How to complete this task:
Scan the material below for the string "with". Report every line that has it.

Provided data:
┄┄┄┄┄┄┄┄┄┄

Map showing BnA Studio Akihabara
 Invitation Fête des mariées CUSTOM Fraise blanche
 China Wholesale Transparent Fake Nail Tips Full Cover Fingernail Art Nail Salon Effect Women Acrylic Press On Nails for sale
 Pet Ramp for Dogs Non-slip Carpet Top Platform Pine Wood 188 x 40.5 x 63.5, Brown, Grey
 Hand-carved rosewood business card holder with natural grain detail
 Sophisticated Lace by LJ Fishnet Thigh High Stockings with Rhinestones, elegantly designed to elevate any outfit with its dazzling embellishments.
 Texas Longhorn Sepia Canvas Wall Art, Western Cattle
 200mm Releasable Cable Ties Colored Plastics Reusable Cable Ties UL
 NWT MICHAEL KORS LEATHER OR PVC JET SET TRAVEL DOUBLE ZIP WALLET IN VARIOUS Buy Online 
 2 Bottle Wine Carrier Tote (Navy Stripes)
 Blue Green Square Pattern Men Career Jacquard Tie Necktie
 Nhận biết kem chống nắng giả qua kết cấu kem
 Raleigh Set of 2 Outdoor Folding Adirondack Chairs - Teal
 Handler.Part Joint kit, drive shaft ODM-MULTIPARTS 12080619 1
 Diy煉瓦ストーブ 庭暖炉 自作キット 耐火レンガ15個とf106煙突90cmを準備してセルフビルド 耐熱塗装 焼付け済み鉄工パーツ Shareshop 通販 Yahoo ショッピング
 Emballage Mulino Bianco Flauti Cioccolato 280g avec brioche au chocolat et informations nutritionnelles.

┄┄┄┄┄┄┄┄┄┄

Solved problem:
 Hand-carved rosewood business card holder with natural grain detail
 Sophisticated Lace by LJ Fishnet Thigh High Stockings with Rhinestones, elegantly designed to elevate any outfit with its dazzling embellishments.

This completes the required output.